How to Deal With Mean People in Your Life
This weekend I had a very frustrating incident. As I was getting into a taxi, the driver got distracted and started driving off without checking if I had closed the door. Can you imagine my shock when I had one leg inside the car and the car suddenly started moving? I literally jumped inside, but my ankle still got caught in the door. Besides an ugly bruise I got a piece of the driver’s mind about how long it takes for SOME people to get into a car. No “I’m sorry!” No “Are you ok?” Nothing! I am usually good at controlling my temper, but this time all I could think of was how much I want to smack this rude man and give him a piece of my mind about his manners.
Do you often let a rude taxi driver, an uncaring boss, an insensitive co-worker or an arrogant stranger ruin your day? Have you ever wondered why sometimes people purposely say or do mean things?
I could come up with 4 main reasons:
a) They try to overcompensate for their hurt Ego. Someone has hurt them in the past when they felt especially vulnerable and now they are trying to regain their power and self-confidence by hurting you.
b) They secretly fear that they have the same quality that they are making fun of. For example, if a person makes derogatory remarks about someone being overweight, they are most likely insecure about their own body and are afraid that people will notice it too.

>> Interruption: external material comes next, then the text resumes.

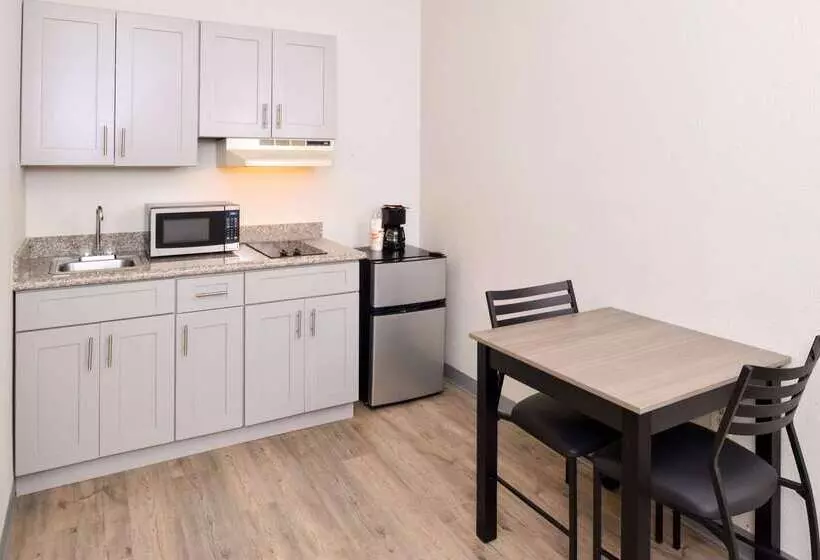 Otel Econo Lodge Inn & Suites Port Arthur Near Sabine Pass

c) They are deeply attached to their sufferings and failures. As weird as it may seem, many people refuse to let go of their negativity, because it brings some drama into their life and gives them something to worry about.
d) They crave attention and love. Just like teenagers when reaching a difficult age act out of spite to prove their own independence, adults defy social norms to get attention and a strong emotion out of you (even if it is a negative emotion).
How do you respond to mean people?
I have noticed that there are two spontaneous reactions when it comes to dealing with negative people 1) we get mean and rude back or 2) we let them run all over us while boiling inside with righteous indignation. Neither of these options seems particularly attractive.
In fact there is a better way to deal with mean people – do not let them get to you.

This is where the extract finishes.